Una de las características que preconizaba el movimiento literario del Romanticismo en toda Europa, que duró desde 1770 hasta mediados del XIX, era su intento por recuperar lo autóctono, lo folklórico, lo genuino de cada zona. Cantar y contar sus valores nacionales era la forma de empoderarse que tenía el pueblo en aquella época en que gran cantidad de guerras asolaban Europa. Y todo ese material se encuentra en los romances, cuentos, tradiciones y en lo que a nosotros nos interesa: las leyendas.

El término hace acto de presencia en las lenguas vulgares occidentales (legende en francés, legenda en portugués, legend en inglés y legende en alemán) durante la Edad Media, aunque entonces se refería, especialmente, a las hagiografias que escribían los clérigos con finalidad moralizante. Es curioso cómo convivió con enxiemploconseja, patraña… si se trataba de cuentos y con la palabra historia si se hacía referencia a sucesos y acontecimientos del pasado histórico. Las de Bécquer tienen un poco de las dos.

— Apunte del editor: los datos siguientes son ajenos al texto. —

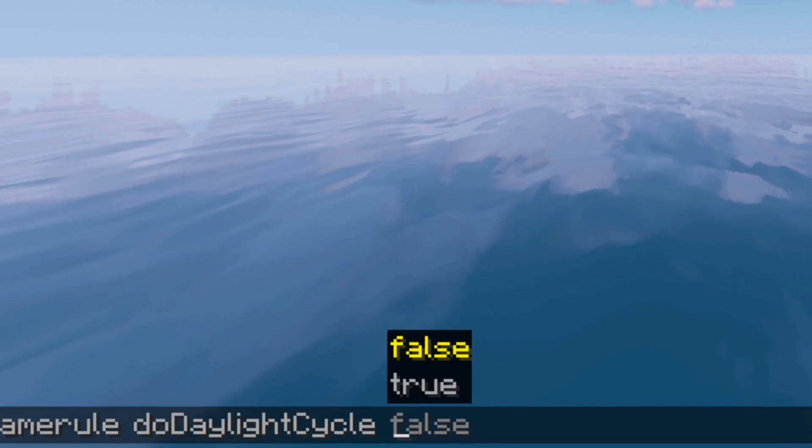First of all, head over to the console on your server manager, or enter into your Minecraft server and enter the command: /gamerule doDaylightCycle false — ensuring to keep the uppercase letters. That will freeze the time as it currently is in your world.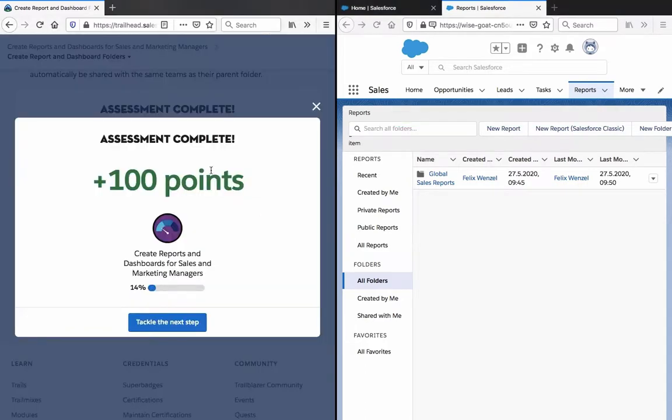So I reloaded the page and for some reason it worked after that, even though it's the same playground. So thank you so much for watching this video. I will tackle the next step.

En prosa o en verso, con forma de relatos o de dramas de inspiración histórica, las leyendas narraban los asuntos y las vivencias que todos compartían, lo que despertaba sentimientos comunes, generalmente en torno a un mito o a un valor de un determinado lugar. Así que parece lógico afirmar que la sorpresa o la intriga no es una característica a valorar en ellas, pero sí su capacidad de conmover, de despertar emociones. Y además lo logra mediante la mezcolanza de ficción con realidad y de cierta historicidad con verosimilitud. Esto, unido a su capacidad de adaptación en diferentes formas de expresión, fue lo que hizo de la leyenda un subgénero que sobrevivió prácticamente a lo largo de todo el XIX, dentro no solo de la estética romántica, sino también realista y modernista.

Gustavo Adolfo Bécquer

En este contexto, entra nuestro segundo autor clásico probablemente más leído después de Cervantes. Un escritor que parecía cumplir con el arquetipo del escritor del Romanticismo: poeta, enamoradizo, bohemio, con un destino trágico que le llevó a morir joven. Esa es la imagen que miles de estudiantes guardamos de los años de instituto, pero Joan Estruch Tobella se ha encargado de poner los puntos sobre las íes con su libro Bécquer. Vida y obra, y de paso romper cada uno de los tópicos del sentimentalismo casero que le adjudican y del que el mismo Bécquer se burló. Y la importancia de esto no es menor puesto que esa mitificación del artista ha distorsionado también la interpretación de su obra. Parece ser que los que propiciaron esa imagen de escritor que sufrió por amor, vivió una vida bohemia y representó al perfecto modelo romántico fueron sus amigos, quienes literaturizaron la realidad y construyeron un personaje en el que se mezclaba vida y literatura. A pesar de todo hay que agradecerles la organización de lo que hoy llamaríamos un micromecenazgo para la publicación póstuma de sus Rimas, porque Bécquer, en vida, solo publicó doce poemas, el resto fue gracias a sus amigos y a suscriptores como el rey Amadeo I, uno de los que primero apoyó económicamente su obra. Galdós, que por entonces andaba de periodista en Madrid, fue otro de los que le apoyaron reseñando la obra. Al final, el resultado fue un éxito.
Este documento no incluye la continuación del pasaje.